Goldsmiths University Hate Crime Reporting Project

Goldsmiths University of London set up third party hate crime reporting centres which are open to staff, students and the local community of Lewisham. The initiative has led to an increase in awareness of hate crime issues including accessing support. The project has also had a hugely positive impact bringing the communities together to support local organisations. 

MURAL (Mutual Understanding Respect and Learning)

MURAL is an international project that brings together six partners from across the EU – Germany, Greece, the Netherlands, Poland, Portugal and the United Kingdom. It aims to address the increase in anti-Semitic and anti-Muslim sentiments in Europe by supporting tolerance and respect for different faiths, religious beliefs and ethnicities.



John Mann

In 2019 John was appointed as a government advisor on Antisemitism, having campaigned for years bringing to light the Antisemitism issues within the Labour Party.  John has been a fearless campaigner against antisemitism and is well respected and much loved for his anti-racism work.

Dame Louise Ellman

Dame Louise Ellman who served as an MP for 22 years has spoken out in recent months about anti-Semitism within the Labour party, it was due to anti-Semitism that Dame Louise left the party in October and recently announced that she will not be standing for re-election.

She has been a tireless campaigner for some of the most marginalised communities in Liverpool and has always spoken up against racism and prejudice.

Kate Green

Kate is co-chair of the APPG on Gypsies and Travellers, and a tireless campaigner for the rights of Gypsies, Roman and Travellers. As shadow equalities minister, Kate successfully gained acceptance to equalise sentencing tariffs for disability hate crime. 

Tanmanjeet Dhesi

Tan is the first Sikh MP with a turban in Westminster. He made headlines earlier this year after delivering a passionate condemnation of Boris Johnson’s ‘racist’ comparison of burqa wearing women to bank robbers and letter boxes. He demanded an apology for the comments in a newspaper article that has caused hurt to vulnerable women and resulted in a spike in hate crime.

He is a fearless campaigner who stands high in the struggle against hatred, prejudice and extremism.



Warrington Borough Council

Warrington Council work with police, charities, community and volunteer groups to try and stop hate crime from happening. Warrington Hate Crime Strategy aims to support victims for a better future and will not tolerate hate crime in any form. 

Adrian Waters

Adrian is the Coordinator of Hate Crime Events in Stoke On Trent City Council. Through his work he organised the “Harms of Hate” event, which signposted services available to victims of hate. Adrian is also chair of the Peace & Resilience Partnership which brings together a wide range of community organisations. 

Megan Mellor

Megan is the Community Coordinator for the London Borough of Lewisham and she coordinates a range of activities within the borough including interfaith and hate crime workshops.

Megan was also integral in developing the council’s Counter Extremism Strategy, which addressed tackling extremist ideology as well as violent cultural practices such as Female Genital Mutilation.

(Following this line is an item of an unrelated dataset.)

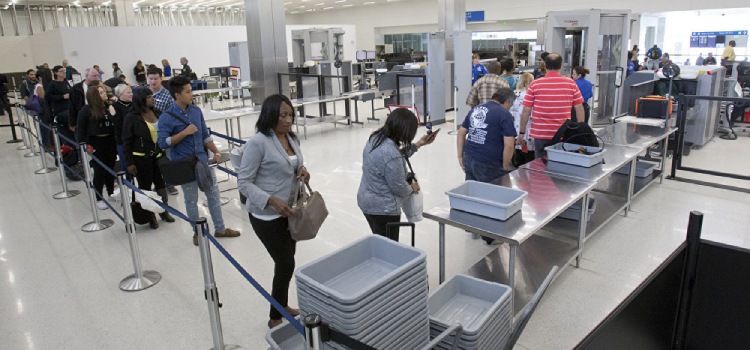 Bandejas de seguridad del aeropuerto llenas de virus peligrosas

Chelsea launched the “Say No to Antisemitism Campaign” in 2017, utilising their fan base to raise awareness. The Chelsea Foundation has also raised over £100M over 10 years for projects in the UK.

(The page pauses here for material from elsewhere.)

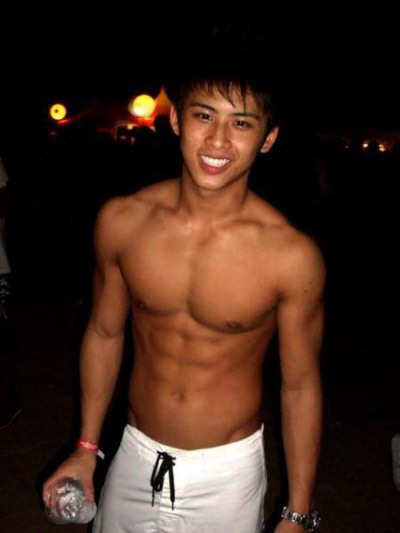 sgprotein: stayinghard:— STAYINGHARD. Hot party boy.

We all remember what was sadly associated with the fan base in Chelsea in the 1980’s. Today, their work on tackling antisemitism is at the forefront of supporting organisations challenging this ancient hatred and also in creating champions against antisemitism from all communities in the future.

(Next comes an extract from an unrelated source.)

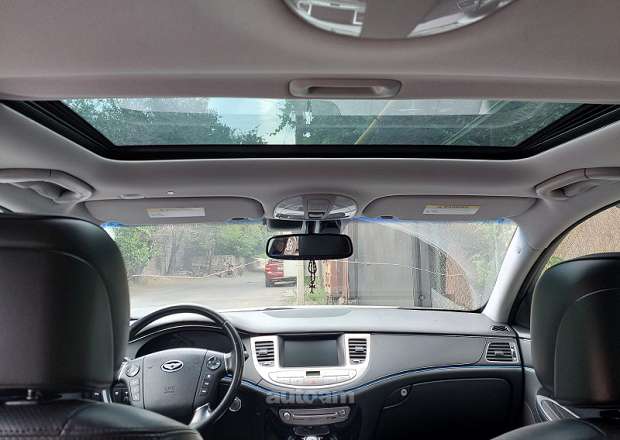Hyundai Genesis 2012 — photo 10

Professor Mark Walters’ areas of interest are hate crime studies and criminal justice reform. He has advised on hate crime to the Home Office, Law Commission, Metropolitan Police Service, and the London Mayor’s Office for Policing and Crime. Mark is also co-founder and co-Director of the International Network for Hate Studies.


Inspector Jayne Lewis

Inspector Jayne Lewis is a British Transport Police officer who has worked tirelessly to collaborate with Merseyside Police to create the Hate Crime Pledge. The ultimate goal is to ensure a public transport network free from hate, and Jayne has been pivotal in implementing this pledge.

Anthony Forsyth

Anthony is committed to tacking hate crime he has been instrumental in highlighting the intersectionality of hate crimes affecting Londoners. Anthony has been integral in insurance hate crime remains a priority to the Metropolitan Police Service and has rolled out training for Met colleagues in hate crime awareness.

Bob Mahay

Bob is the community engagement officer for Kent Police and hosted many community networking events, including multiple events during National Hate Crime Awareness Week. One of his colleagues said that his passion and love is “hate crime work”. 



Yusuf Patel

Yusuf is Community Engagement Coordinator for Redbridge Council, leading on counter extremism and hate crime. While professionally striving to stop hate crime, Yusuf also calls out homophobic, Antisemitic and Islamophobic abuse whenever he encounters it. Most recently, he called out homophobic abuse by a woman who was from a minority community and which led to her being convicted for a public order offence with aggravated homophobic elements to it.

Jack Etheridge

In his role of young volunteer at Investing in Children, Jack helped secure £7000 in funds to further their work. Jack’s interest in hate crime and mental health and he often highlights through his work the impact that hate has on young people and their mental health. Jack is also a campaigner for the LGBTQ+ community and spreads his positive message through social media.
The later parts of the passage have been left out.